Researchers recently detected an "ultra-high-energy" cosmic ray, which is the most powerful since the famous "Oh My God" particle was detected in 1991. They have no idea where it came from.
Researchers have detected one of the most powerful cosmic rays ever seen slamming into Earth — but they have no idea what caused it or where it came from. The extremely energetic particle, which has been named after a Japanese goddess, arrived from the direction of a void in the universe where almost nothing is known to exist, according to new research.
Cosmic rays are highly energetic particles, mainly consisting of protons or helium nuclei, that are constantly raining through every square inch of the universe (including our bodies). But a small subsection of cosmic rays, which hit Earth roughly once per square mile every year, are accelerated to even greater energy levels by some of the universe's most intense phenomena.

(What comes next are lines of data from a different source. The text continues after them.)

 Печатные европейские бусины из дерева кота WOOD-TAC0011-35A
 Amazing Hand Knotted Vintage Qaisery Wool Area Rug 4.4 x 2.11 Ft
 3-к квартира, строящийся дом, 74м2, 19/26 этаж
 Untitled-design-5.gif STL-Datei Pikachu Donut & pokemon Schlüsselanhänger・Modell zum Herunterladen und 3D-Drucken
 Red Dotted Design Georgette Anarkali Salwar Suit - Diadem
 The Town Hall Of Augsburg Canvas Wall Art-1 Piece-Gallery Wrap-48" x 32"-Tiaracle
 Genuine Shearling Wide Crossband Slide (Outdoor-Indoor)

These extra-energetic particles, known as "ultra-high-energy cosmic rays," have at least one exa-electron volt (EeV), or 1 quintillion (1 followed by 18 zeros) electron volts, of energy, which is around a million times more energetic than the fastest particles from human-made particle accelerators.
On May 21, 2021, researchers detected one of these supercharged cosmic rays with the Telescope Array project — a detector made of individual substations covering more than 270 square miles (700 square kilometers) in Utah. This particular particle had a whopping 244 EeV of energy, which makes it the most energetic cosmic ray since the "Oh My God" (OMG) particle in 1991 — the most powerful cosmic ray ever detected, which had an energy of 320 EeV and traveled at more than 99.9% the speed of light.

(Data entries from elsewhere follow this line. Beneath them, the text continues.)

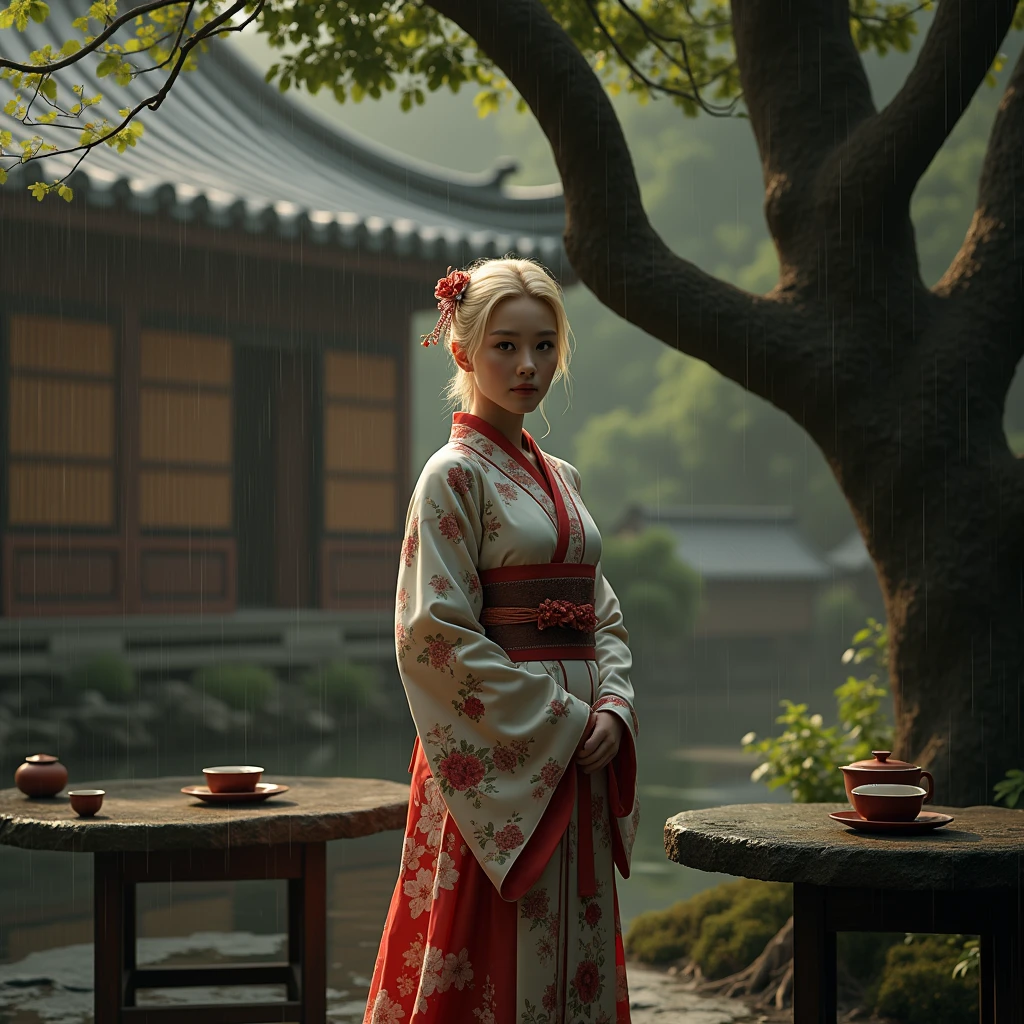 hyperealistic photo A full body shot of A beautiful blonde woman, wearing a japanese Kimono with floral design, looking in camera, A large tree, the wooden house is surrounded by green plants and misty rain in ancient China. The high definition photography style features exquisite details of real scenery, with teacups placed on stone tables under it. A wide perspective showcases an open space with beautiful artistic conception. In front of them was another tea table in the style of Chinese art, creating a magnificent view. photorealistic, ultra-realistic photograph captured, high-resolution quality ,detailed face, 8k
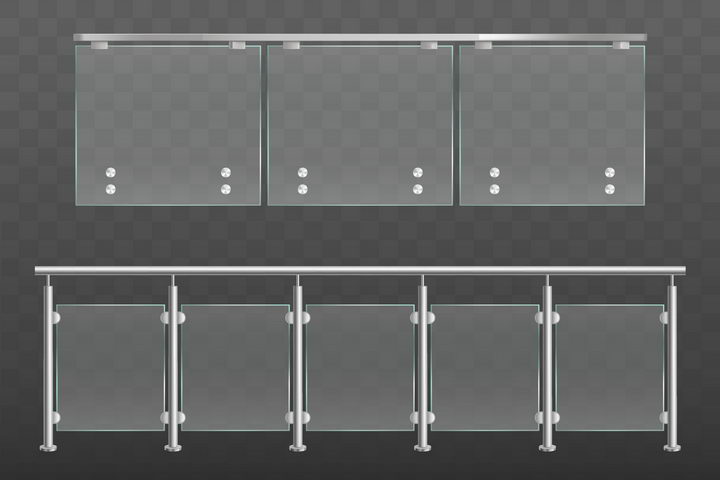 两种不锈钢玻璃栏杆护栏png图片免抠矢量素材 建筑装修-第1张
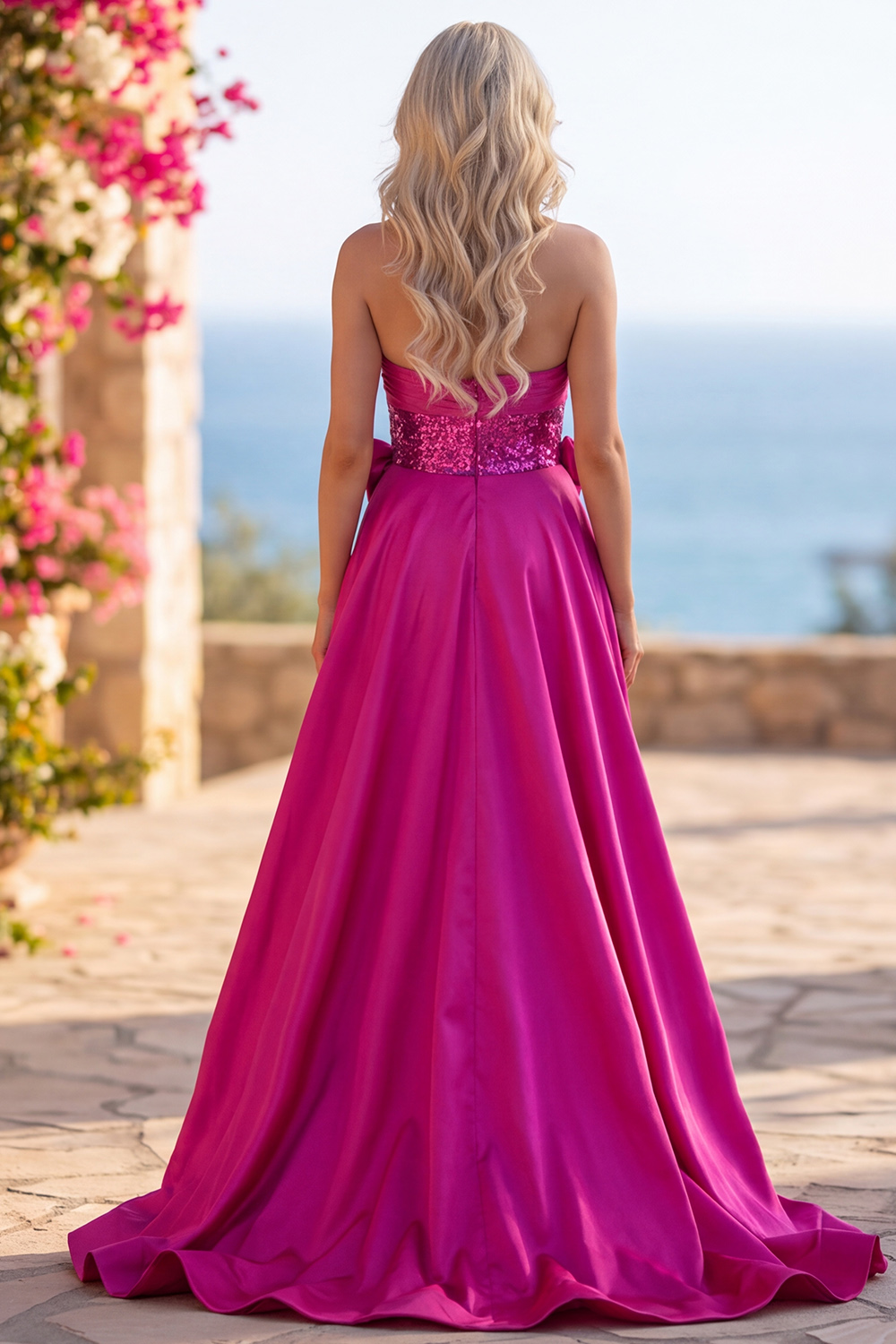 Fuchsia Sparkly Sequins Long Homecoming Jumpsuits with Cape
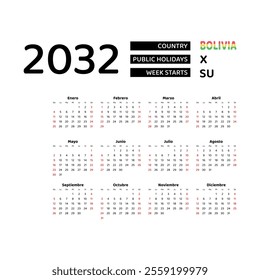 Calendar 2032 Spanish language with Bolivia public holidays. Week starts from Sunday. Graphic design vector illustration.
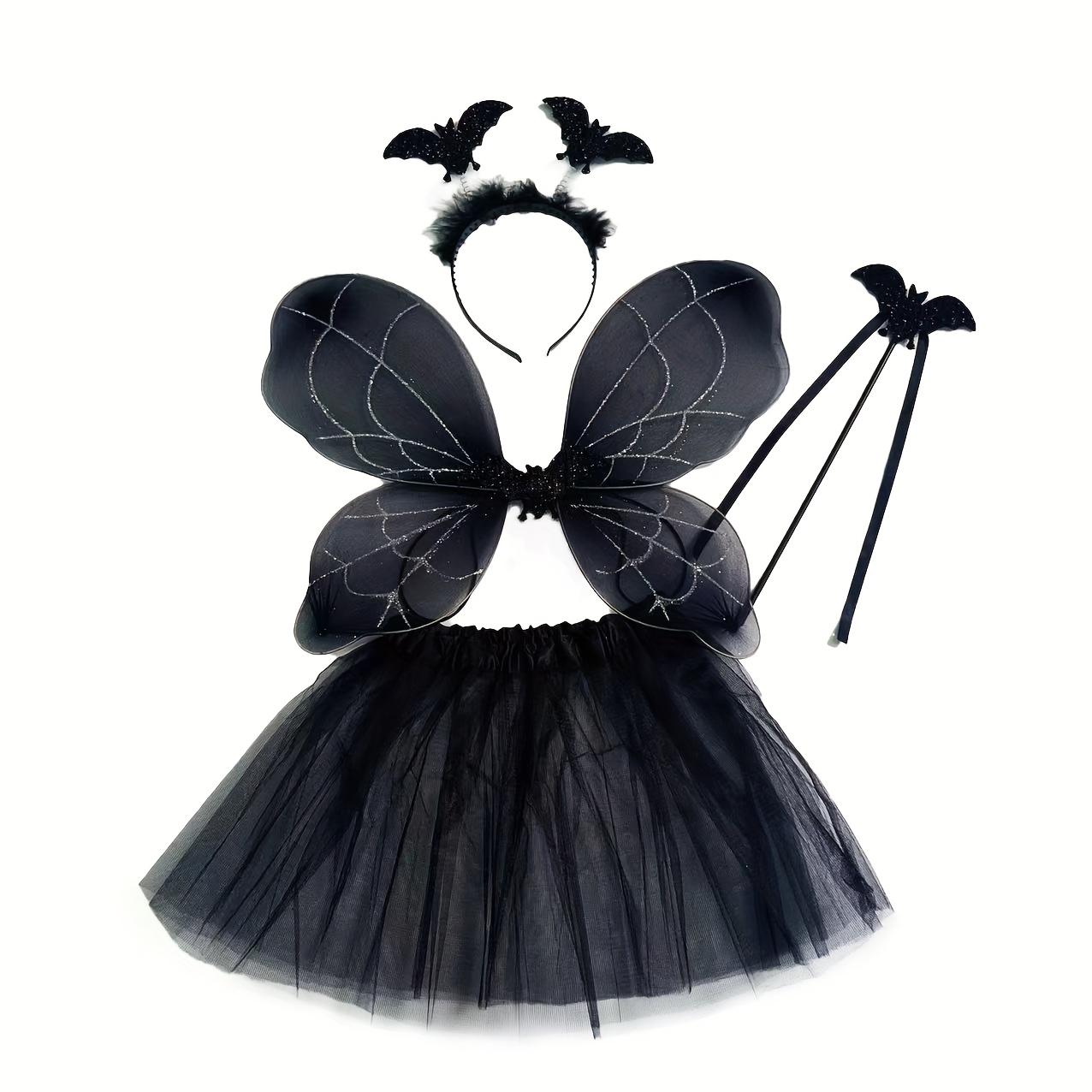 TEMU 4pcs/set Halloween Costume Set , Fairy Theme Accessories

Seems like a good way to get smited, naming random (probably evil) energy that came from nowhere space (but not the sun) after the head goddess of Shintoism. Maybe Susanoo or Orochi would have kept the theme while not angering a top tier god.
Saying the OMG particle was traveling more than 99.9% of the speed of light is a bit like saying the volume of the sun is greater than 1 cubic meter. It's not false but Really undersells the real number, which is even listed in the article they linked about it: 99.99999999999999999999951% of C.

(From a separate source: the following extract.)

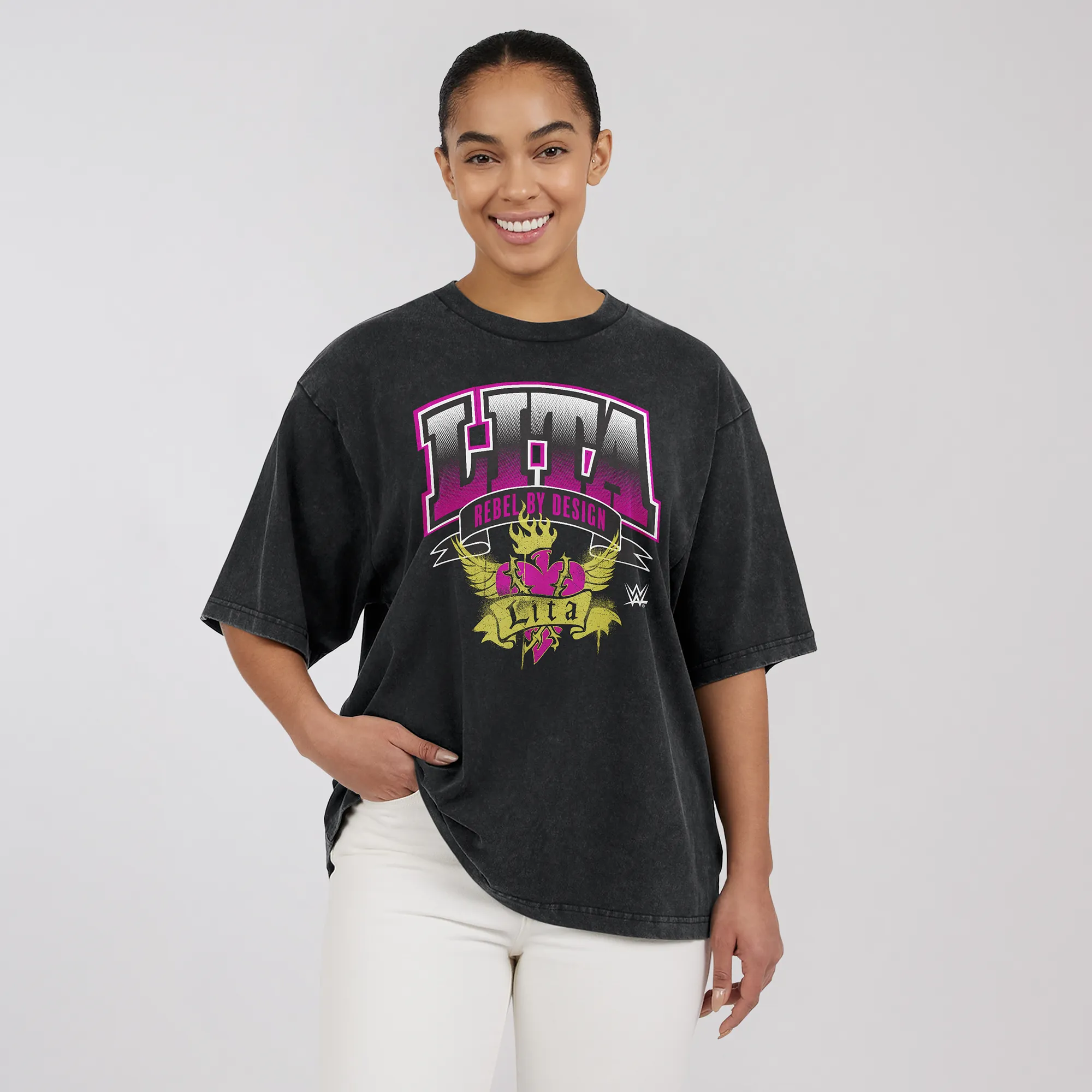 Women's WEAR by Erin Andrews Heather Black Lita Boyfriend T-Shirt sold by WWE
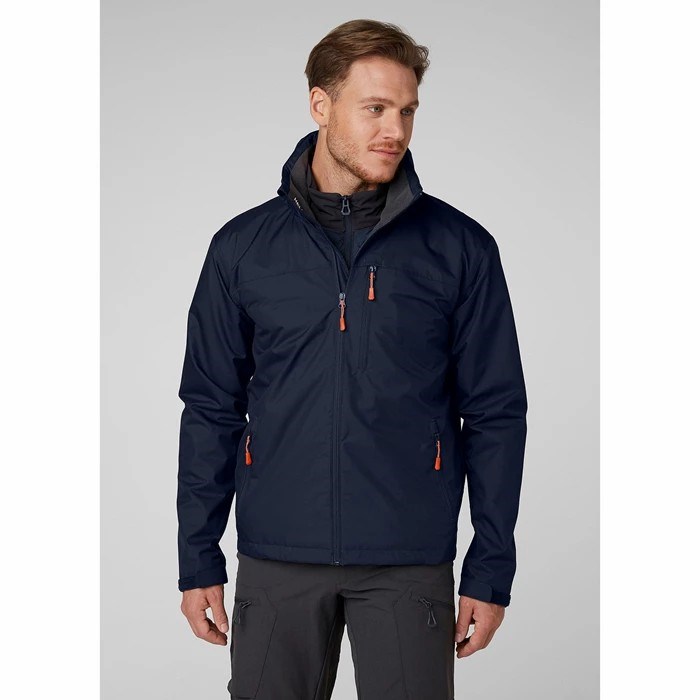 Men's Helly Hansen Crew Hooded Casual Jackets Navy | 483-VZIGXS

No longer in need of nuclear plants, the furries have now forsaken them. Because of this, no one is left to maintain the software used in them. With the lack of this technology, all nuclear plants rapidly fall into a state of pending meltdown.
I think the software itself is gold standard and does not change, so that wouldn't be the case. The technitians, on the other hand... are not something you can get from your corner store.
Could be a bunch of stuff that was hyper-accelerated by slingshotting off a black hole. Those are difficult to detect at the best of times, it would make sense if that void was just full of the things.
Maybe the facts that the beam is so energetic and that it comes from a seemingly empty spot are closely related. Law of squares. If the remains of the beam that arrive here are still the strongest ever measured, guess what power that beam had a gazillion lightyears away, and what such a powerful beam might have done to anything existing there.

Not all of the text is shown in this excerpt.